EXTRACTED INFORMATION START

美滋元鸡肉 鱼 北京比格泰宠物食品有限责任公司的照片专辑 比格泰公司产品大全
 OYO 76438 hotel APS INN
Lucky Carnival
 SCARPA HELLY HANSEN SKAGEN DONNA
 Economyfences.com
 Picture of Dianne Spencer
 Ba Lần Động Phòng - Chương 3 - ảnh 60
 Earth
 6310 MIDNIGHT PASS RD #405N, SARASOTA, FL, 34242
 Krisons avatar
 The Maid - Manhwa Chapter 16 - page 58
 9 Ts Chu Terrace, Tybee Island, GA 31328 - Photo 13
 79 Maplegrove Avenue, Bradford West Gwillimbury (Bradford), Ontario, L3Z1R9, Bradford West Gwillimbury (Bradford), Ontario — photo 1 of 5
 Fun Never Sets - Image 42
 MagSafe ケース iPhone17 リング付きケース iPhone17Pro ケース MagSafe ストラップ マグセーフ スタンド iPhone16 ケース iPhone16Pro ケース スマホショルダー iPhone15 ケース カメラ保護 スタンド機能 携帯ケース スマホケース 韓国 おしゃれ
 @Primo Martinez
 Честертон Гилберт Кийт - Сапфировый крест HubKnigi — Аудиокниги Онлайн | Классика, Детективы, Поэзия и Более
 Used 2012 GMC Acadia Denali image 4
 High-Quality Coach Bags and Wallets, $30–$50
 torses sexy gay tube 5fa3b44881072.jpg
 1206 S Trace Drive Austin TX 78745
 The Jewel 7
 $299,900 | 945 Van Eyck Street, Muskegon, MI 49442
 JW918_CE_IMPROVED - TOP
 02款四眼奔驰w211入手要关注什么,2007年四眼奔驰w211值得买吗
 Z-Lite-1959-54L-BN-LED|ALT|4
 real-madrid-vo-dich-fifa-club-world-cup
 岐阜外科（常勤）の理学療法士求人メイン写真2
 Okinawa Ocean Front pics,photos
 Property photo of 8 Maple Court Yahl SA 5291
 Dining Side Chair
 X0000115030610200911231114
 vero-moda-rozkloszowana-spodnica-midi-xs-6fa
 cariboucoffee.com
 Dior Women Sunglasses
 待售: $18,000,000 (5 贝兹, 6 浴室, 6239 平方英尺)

EXTRACTED INFORMATION END

[EXERCISE REQUIREMENTS] Letter for letter, copy all of the entries above.

[EXERCISE RESULT]
美滋元鸡肉 鱼 北京比格泰宠物食品有限责任公司的照片专辑 比格泰公司产品大全
 OYO 76438 hotel APS INN
Lucky Carnival
 SCARPA HELLY HANSEN SKAGEN DONNA
 Economyfences.com
 Picture of Dianne Spencer
 Ba Lần Động Phòng - Chương 3 - ảnh 60
 Earth
 6310 MIDNIGHT PASS RD #405N, SARASOTA, FL, 34242
 Krisons avatar
 The Maid - Manhwa Chapter 16 - page 58
 9 Ts Chu Terrace, Tybee Island, GA 31328 - Photo 13
 79 Maplegrove Avenue, Bradford West Gwillimbury (Bradford), Ontario, L3Z1R9, Bradford West Gwillimbury (Bradford), Ontario — photo 1 of 5
 Fun Never Sets - Image 42
 MagSafe ケース iPhone17 リング付きケース iPhone17Pro ケース MagSafe ストラップ マグセーフ スタンド iPhone16 ケース iPhone16Pro ケース スマホショルダー iPhone15 ケース カメラ保護 スタンド機能 携帯ケース スマホケース 韓国 おしゃれ
 @Primo Martinez
 Честертон Гилберт Кийт - Сапфировый крест HubKnigi — Аудиокниги Онлайн | Классика, Детективы, Поэзия и Более
 Used 2012 GMC Acadia Denali image 4
 High-Quality Coach Bags and Wallets, $30–$50
 torses sexy gay tube 5fa3b44881072.jpg
 1206 S Trace Drive Austin TX 78745
 The Jewel 7
 $299,900 | 945 Van Eyck Street, Muskegon, MI 49442
 JW918_CE_IMPROVED - TOP
 02款四眼奔驰w211入手要关注什么,2007年四眼奔驰w211值得买吗
 Z-Lite-1959-54L-BN-LED|ALT|4
 real-madrid-vo-dich-fifa-club-world-cup
 岐阜外科（常勤）の理学療法士求人メイン写真2
 Okinawa Ocean Front pics,photos
 Property photo of 8 Maple Court Yahl SA 5291
 Dining Side Chair
 X0000115030610200911231114
 vero-moda-rozkloszowana-spodnica-midi-xs-6fa
 cariboucoffee.com
 Dior Women Sunglasses
 待售: $18,000,000 (5 贝兹, 6 浴室, 6239 平方英尺)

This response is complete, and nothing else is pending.